Alguém pode alegar: o que os jornalistas podem fazer se as apostas esportivas são o ganha-pão das empresas e deles próprios? Medida simples: a cada anúncio reforcem os avisos sobre os malefícios. Fazem com cigarro, bebida alcoólica. Por que não devemos ser enfáticos nas apostas esportivas? A cada previsão de aposta que os jornalistas alertem de que o ato de apostar em excesso pode gerar danos a saúde; as empresas, por sua vez, deveriam restringir o número de oportunidades em que o patrocinador é citado. O ideal seria que não existissem as apostas esportivas? Concordo. Só existe uma diferença entra aquilo que desejamos e a realidade existente. A hora é de redução de danos. Imediata. Observação importante: reconheço que muitas vezes jornalistas são funcionários de emissoras que inundam sua programação com sites de apostas esportivas. Eles não tem controle sobre o assunto. Mas podem pressionar por dentro para modificar este estado de coisas. Muitos querem adotar tal postura. Acreditem.

O jornalismo esportivo já foi destruído em boa parte de seu espírito crítico quando ocorreu a proliferação dos merchan´s. São inevitáveis na atualidade? Concordo. Só que faço uma pergunta: quantos jornalistas que faziam os merchan´s que se colocaram de modo frontal contra a corrupção e os desmandos existentes nas estruturas de poder dos clubes e das federações e CBF? Para ser otimista, salvem-se poucos. Pouquíssimos.

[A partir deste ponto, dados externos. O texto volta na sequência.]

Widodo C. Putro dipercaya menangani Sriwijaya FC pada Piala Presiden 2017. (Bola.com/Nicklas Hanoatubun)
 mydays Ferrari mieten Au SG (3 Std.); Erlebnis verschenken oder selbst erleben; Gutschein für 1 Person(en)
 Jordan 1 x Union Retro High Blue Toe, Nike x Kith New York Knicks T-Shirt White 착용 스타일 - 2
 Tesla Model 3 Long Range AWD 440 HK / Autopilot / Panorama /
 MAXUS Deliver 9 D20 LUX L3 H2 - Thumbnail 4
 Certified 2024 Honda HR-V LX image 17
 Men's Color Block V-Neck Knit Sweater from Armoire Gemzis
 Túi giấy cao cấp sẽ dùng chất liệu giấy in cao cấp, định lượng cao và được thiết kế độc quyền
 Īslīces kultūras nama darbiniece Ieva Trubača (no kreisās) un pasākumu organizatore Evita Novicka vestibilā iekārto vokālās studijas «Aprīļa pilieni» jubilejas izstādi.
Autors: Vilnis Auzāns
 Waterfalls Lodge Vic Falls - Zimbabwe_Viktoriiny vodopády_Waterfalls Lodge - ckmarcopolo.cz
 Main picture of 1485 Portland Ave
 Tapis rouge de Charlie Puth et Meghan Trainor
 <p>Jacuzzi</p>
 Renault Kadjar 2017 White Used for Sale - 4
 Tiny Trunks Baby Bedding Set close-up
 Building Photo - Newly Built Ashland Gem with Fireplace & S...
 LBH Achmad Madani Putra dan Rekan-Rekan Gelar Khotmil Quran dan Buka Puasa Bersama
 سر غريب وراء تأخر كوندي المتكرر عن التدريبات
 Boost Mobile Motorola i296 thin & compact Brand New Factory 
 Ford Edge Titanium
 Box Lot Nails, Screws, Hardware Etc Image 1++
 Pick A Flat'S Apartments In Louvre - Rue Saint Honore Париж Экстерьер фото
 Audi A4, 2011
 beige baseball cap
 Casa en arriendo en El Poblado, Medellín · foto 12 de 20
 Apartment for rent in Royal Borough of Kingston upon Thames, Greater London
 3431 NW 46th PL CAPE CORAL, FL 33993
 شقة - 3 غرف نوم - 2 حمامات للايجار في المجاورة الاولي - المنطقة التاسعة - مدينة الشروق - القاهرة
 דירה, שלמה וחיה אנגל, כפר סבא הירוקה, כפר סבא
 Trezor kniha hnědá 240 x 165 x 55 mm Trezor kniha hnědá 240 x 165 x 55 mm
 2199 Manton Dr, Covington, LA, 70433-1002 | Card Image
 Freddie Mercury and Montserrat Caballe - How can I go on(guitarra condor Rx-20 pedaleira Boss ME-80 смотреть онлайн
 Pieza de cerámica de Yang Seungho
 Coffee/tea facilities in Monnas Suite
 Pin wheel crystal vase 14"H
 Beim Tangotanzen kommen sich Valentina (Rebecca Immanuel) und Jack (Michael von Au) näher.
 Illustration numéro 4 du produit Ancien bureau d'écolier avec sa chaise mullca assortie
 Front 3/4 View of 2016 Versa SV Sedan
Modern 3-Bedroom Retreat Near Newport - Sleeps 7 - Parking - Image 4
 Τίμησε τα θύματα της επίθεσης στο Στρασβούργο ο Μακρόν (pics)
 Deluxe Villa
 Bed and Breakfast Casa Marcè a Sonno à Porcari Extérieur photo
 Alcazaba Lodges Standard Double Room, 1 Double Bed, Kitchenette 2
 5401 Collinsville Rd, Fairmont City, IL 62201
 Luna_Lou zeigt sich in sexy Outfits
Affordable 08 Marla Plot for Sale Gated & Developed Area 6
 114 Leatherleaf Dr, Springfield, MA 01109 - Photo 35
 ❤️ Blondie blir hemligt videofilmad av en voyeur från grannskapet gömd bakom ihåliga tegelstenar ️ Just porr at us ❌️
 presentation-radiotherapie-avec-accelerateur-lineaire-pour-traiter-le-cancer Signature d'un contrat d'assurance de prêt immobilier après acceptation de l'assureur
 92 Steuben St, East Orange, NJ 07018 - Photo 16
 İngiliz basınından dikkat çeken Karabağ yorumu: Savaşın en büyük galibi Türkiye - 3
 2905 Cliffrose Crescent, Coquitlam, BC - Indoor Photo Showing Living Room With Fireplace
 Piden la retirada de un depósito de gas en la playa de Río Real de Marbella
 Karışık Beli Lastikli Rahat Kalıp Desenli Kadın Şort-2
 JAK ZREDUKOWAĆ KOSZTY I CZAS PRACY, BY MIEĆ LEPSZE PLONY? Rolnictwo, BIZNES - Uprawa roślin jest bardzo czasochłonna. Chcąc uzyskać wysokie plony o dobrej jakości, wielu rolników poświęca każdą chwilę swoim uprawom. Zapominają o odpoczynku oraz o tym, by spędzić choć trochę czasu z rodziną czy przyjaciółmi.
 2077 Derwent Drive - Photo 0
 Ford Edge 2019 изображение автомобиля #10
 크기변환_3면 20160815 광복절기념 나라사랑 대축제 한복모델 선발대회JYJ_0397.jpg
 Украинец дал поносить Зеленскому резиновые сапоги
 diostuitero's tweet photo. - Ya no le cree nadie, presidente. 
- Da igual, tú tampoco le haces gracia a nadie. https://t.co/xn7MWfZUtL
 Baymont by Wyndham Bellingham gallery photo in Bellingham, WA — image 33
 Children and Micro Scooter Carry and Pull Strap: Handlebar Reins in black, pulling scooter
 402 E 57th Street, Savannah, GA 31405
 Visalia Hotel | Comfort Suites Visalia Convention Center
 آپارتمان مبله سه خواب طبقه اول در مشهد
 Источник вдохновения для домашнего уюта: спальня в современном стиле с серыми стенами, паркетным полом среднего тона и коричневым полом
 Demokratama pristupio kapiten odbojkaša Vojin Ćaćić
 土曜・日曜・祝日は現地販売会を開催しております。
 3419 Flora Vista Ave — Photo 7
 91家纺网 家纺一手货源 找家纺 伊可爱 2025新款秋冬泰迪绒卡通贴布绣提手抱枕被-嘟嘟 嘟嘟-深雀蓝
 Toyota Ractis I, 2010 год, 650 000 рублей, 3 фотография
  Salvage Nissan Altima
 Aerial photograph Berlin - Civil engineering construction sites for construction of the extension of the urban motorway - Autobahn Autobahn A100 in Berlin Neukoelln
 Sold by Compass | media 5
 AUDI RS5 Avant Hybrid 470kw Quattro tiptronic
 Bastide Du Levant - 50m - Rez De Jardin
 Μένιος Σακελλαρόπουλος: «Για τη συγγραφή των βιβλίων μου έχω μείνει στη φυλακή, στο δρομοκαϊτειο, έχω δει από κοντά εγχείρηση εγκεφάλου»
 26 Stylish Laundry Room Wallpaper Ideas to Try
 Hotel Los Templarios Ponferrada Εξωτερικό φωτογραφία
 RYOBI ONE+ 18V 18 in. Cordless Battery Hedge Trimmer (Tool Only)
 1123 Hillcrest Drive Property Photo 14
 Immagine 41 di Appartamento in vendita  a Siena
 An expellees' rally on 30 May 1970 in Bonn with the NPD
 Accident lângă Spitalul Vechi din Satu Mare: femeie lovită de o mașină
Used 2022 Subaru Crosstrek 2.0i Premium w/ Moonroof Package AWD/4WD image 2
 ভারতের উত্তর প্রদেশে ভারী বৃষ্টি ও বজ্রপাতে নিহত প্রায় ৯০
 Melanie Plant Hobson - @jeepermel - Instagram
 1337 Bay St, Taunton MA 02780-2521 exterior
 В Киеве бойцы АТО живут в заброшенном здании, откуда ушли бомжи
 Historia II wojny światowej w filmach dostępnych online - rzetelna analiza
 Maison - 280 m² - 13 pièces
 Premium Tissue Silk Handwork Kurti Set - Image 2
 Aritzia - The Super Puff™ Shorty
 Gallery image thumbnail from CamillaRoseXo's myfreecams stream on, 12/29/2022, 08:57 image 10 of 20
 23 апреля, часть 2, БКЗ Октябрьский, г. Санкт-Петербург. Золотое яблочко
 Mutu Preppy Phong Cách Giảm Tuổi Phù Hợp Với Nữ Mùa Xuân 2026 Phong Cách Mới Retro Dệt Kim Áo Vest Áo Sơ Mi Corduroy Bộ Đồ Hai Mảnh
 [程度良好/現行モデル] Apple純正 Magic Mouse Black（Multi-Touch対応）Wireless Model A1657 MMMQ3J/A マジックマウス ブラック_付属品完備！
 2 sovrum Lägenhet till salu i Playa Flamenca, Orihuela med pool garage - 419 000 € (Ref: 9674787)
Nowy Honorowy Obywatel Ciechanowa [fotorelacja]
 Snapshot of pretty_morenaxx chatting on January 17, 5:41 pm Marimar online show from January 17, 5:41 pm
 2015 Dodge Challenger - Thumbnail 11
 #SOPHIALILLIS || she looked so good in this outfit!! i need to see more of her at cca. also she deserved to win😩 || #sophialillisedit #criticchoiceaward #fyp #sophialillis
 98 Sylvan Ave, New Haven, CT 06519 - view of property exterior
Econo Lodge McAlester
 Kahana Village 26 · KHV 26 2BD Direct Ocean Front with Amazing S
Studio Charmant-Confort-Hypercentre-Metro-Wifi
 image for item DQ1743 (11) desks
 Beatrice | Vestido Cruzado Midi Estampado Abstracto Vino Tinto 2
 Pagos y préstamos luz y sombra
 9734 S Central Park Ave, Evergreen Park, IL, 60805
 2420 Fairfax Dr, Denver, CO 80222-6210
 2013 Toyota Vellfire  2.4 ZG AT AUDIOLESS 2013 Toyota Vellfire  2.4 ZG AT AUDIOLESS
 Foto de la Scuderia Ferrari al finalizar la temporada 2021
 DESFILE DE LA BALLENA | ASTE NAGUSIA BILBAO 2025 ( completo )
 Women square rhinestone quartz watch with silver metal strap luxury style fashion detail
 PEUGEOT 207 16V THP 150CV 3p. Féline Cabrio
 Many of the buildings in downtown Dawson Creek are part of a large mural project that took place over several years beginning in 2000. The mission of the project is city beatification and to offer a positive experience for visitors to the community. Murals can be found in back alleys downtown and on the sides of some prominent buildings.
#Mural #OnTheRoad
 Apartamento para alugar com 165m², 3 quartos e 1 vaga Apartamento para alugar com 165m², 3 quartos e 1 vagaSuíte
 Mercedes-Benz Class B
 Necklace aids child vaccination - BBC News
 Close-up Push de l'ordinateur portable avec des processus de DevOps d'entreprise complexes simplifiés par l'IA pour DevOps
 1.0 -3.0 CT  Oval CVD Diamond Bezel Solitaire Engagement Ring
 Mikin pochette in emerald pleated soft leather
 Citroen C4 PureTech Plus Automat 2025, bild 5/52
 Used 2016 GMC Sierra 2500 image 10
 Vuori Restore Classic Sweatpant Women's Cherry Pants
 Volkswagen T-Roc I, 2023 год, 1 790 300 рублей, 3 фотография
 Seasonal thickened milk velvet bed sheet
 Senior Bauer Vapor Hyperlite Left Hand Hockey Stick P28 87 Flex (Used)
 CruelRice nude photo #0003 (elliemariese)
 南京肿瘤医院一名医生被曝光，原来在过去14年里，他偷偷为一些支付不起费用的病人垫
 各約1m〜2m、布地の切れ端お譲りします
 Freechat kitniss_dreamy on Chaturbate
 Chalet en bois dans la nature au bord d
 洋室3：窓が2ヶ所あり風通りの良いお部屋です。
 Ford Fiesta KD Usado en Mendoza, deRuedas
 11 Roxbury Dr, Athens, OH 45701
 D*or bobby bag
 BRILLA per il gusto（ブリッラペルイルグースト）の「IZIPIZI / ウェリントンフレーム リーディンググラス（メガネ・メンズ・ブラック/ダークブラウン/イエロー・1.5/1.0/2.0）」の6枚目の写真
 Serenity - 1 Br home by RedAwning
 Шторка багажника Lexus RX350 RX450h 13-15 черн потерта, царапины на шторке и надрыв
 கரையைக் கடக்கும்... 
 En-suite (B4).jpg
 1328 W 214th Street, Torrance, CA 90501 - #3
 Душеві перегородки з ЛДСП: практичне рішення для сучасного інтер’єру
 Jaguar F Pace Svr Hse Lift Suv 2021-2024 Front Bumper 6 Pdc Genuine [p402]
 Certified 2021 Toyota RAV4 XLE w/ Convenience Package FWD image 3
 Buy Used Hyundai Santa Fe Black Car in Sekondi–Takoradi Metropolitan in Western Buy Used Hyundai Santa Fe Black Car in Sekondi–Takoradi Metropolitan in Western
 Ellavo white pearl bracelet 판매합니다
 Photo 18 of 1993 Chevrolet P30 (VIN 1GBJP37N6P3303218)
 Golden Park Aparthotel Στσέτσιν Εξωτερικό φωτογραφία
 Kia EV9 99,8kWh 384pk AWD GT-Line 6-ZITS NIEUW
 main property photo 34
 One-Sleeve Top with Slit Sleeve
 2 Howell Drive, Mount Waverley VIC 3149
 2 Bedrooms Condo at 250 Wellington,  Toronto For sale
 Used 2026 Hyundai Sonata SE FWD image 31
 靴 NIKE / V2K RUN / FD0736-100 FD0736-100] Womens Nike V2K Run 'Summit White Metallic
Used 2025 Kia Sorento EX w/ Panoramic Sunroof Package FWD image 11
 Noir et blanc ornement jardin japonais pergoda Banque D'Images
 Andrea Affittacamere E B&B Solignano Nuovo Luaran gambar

É sobre disso que se trata. Abraçar o entretenimento sem viés critica e proliferar as apostas esportivas sem atentar aos desdobramentos na saúde pública é abrir a porta de vez para que o jornalismo desperdice o pouco de resta de sua capacidade de fiscalizar e denunciar o poder. Jornalismo melífluo é a antessala da ruína do futebol. Algo precisa ser feito. Antes que seja tarde.

Em tempo: tenho um site de pequeno porte em que falo sobre Ponte Preta e Guarani,, O Só Dérbi. Sou procurado todas as semanas por sites de apostas esportivas para anunciar. Recuso todas as ofertas. Não é moralismo. É ter zelo em preservar os preceitos da profissão. Assim como agradeço a emissora em que trabalho, a Rádio Brasil Campinas, pertencente a Arquidiocese de Campinas que, por orientação editorial e comercial, não aceita anúncios de sites de apostas esportivas. Ainda é possível acreditar no futuro.